The male inmates sometimes talk about their children, but not with the same longing the women do.  Many of the mothers describe a physical craving to be near their children, a hunger for the sound of their voices and the smell of their hair.

They worry endlessly about their children's well-being. Have they eaten enough today? Is he doing all right in school?  Will she be mad at me when I come home? How can a toddler understand I didn't leave her on purpose?

They talk about how much they want to keep their children safe from all the terrors of their own childhoods: the sexual abuse, the neglect, the beatings. For some of these women, their relationship with their children is the only non-abusive relationship they've ever had.

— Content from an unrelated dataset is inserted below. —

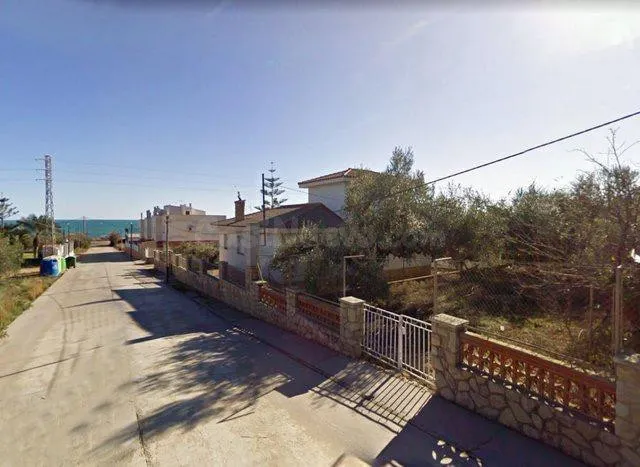 Exclusiva parcela urbanizable en Alcanar: El lienzo perfecto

The mothers' pain is one side of the coin.  The other side is the children's pain, which I can only imagine.

The United States has the highest imprisonment rate in the world.  That affects not only the people who are locked up, but their families.  Every time we imprison a person, we take away a part of a family.  We should think carefully about whether it's worth it.

Friday, December 07, 2012

Walking

My aunt has lived in Brooklyn for decades and never been mugged. She attributes it to her attitude. I'm not sure exactly what her method is, but for years I've tried to copy it. When I transitioned from the suburbs to the city, I decided that this meant not interacting with strange men.

At first, I applied the same method to walking around at the jail. Passing men in the yard or in hallways, I stared resolutely ahead, ignoring them. I hoped this would make me look like I knew what I was doing. I did the same in the neighborhood outside.

I soon realized it method just made me look scared. And it must feel insulting for a man on a street in South Boston, or in a jail for that matter, to see a white woman in business clothes refusing to meet his eyes. Trying to pretend he's not there, regarding his very presence as a threat.

If someone on the street wants to mug me, they'll do it. Ignoring them is not going to stop them. And all those other people who have no interest in mugging me – we might as say hello when we pass. We might as well say, “Good morning.” We might as well smile.

As if we are not afraid of each other. As if we are just people, walking.

Saturday, December 01, 2012

Introducing: Advent calendar

I've been an agnostic for most of my life now, but I still love Advent.

I usually make paper Advent calendars for my family, but this year I'm making an online one for you, too.